Recorded data
☆ ☆ ☆

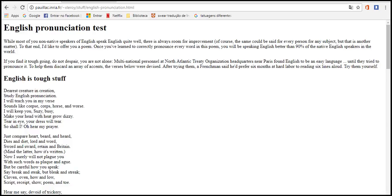90% of native English speakers in the world. If you find it hard to go in, do not despair, you are not alone. Multiple nations, personnel, and the North Atlantic Treaty Organization's headquarters near Paris found English to be an easy language. After trying them, the freshmen said they preferred six months in the laboratory to 690 aloud. Try them yourself. English is tough stuff.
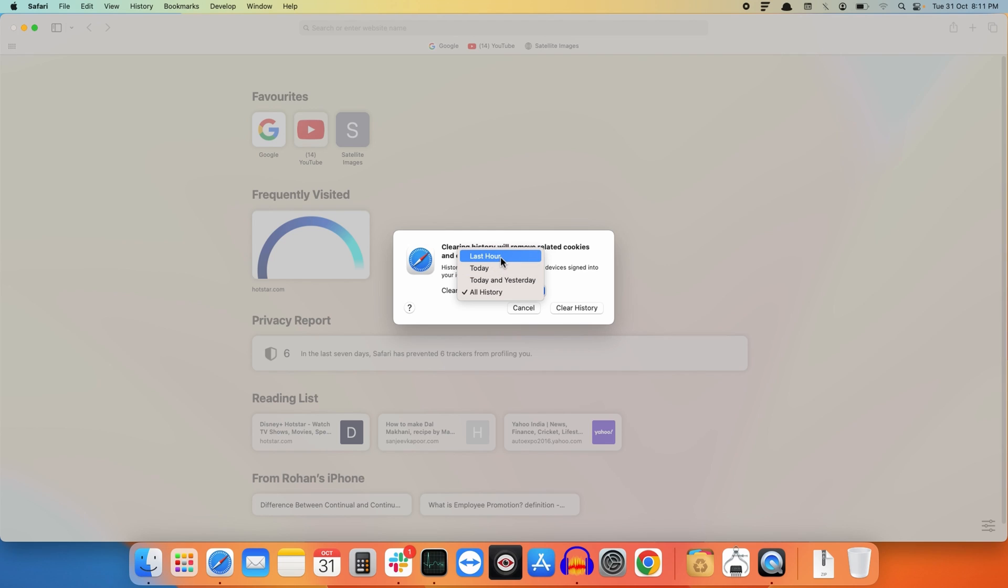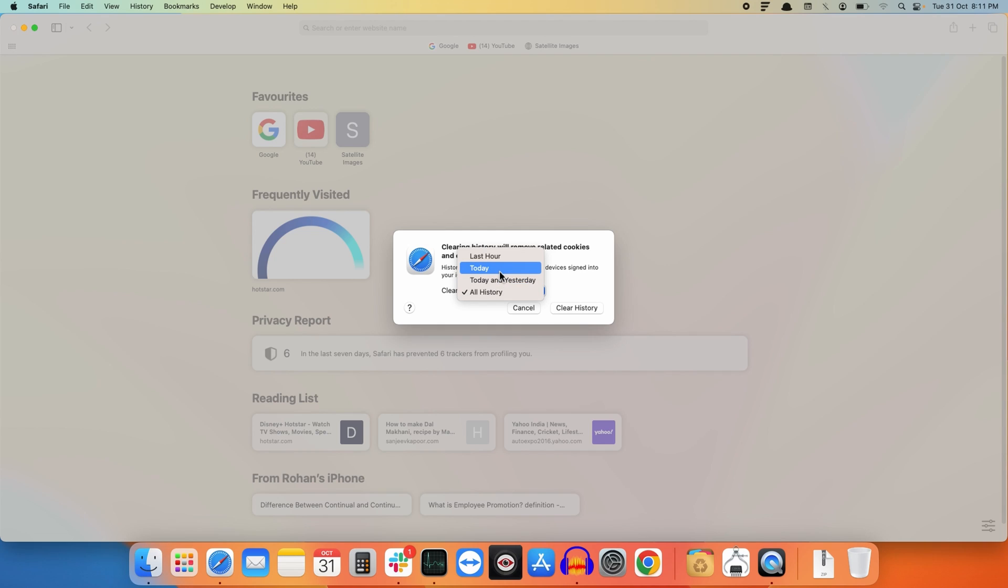that is last hour, today, today and yesterday, and all history. For instance, I want to clear my today's history and cookies as I want to keep my cookies data and the passwords that I have saved for other sites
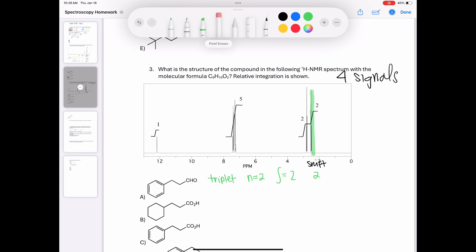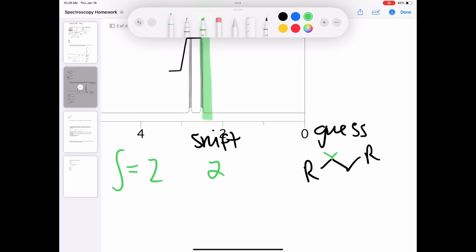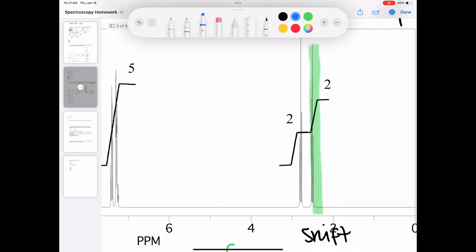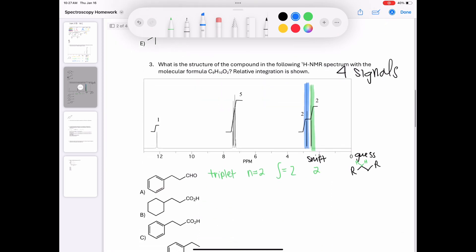For the first triplet: the N value is two, the integration is two, and the shift is right around 2 parts per million — I'm guessing it's part of a CH2CH2 group. There are two triplets both around 2 parts per million that both integrate to two, so we need two environments each integrating to two with only two neighbors. The second triplet highlighted in blue has the exact same N value, integration, and roughly the same shift, so it seems pretty likely there's a CH2CH2 motif.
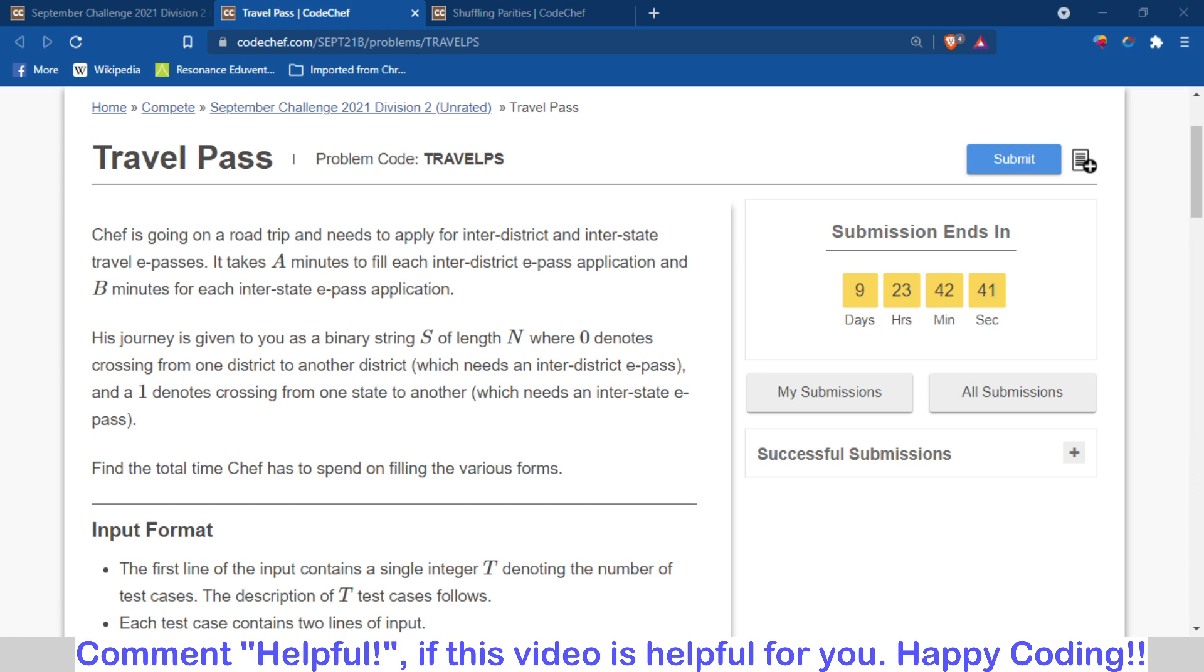If you have tried the problem and you are having any doubt or issue, then you can watch this video. Because the contest is running, I will not share the code of this problem. I will just discuss the logic and the hint behind the problem.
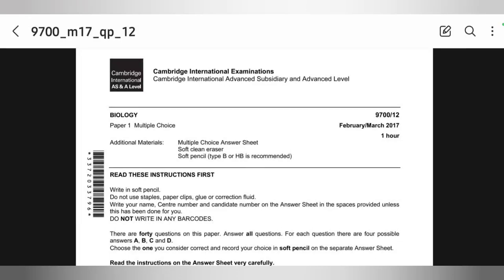I am going to be solving Biology 9700, Paper 1, Variant 2, February-March 2017, multiple choice.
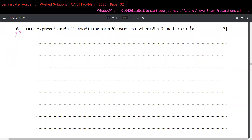Now moving on to the sixth question of this paper. In the first part we are going to express this into the harmonic identity of cos, where r is greater than zero and alpha is in radians, lying between zero and pi by two radians. This can be done in multiple ways.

☆ ☆ ☆

INSTRUCTIONS FOR THE TASK
Copy only the lines above from the one containing "that is last" through the one containing "If you have", both included. Leave out the pictures.

RESPONSE AREA
that is last hour, today, today and yesterday, and all history. For instance, I want to clear my today's history and cookies as I want to keep my cookies data and the passwords that I have saved for other sites
For the first triplet: the N value is two, the integration is two, and the shift is right around 2 parts per million — I'm guessing it's part of a CH2CH2 group. There are two triplets both around 2 parts per million that both integrate to two, so we need two environments each integrating to two with only two neighbors. The second triplet highlighted in blue has the exact same N value, integration, and roughly the same shift, so it seems pretty likely there's a CH2CH2 motif.
If you have tried the problem and you are having any doubt or issue, then you can watch this video. Because the contest is running, I will not share the code of this problem. I will just discuss the logic and the hint behind the problem.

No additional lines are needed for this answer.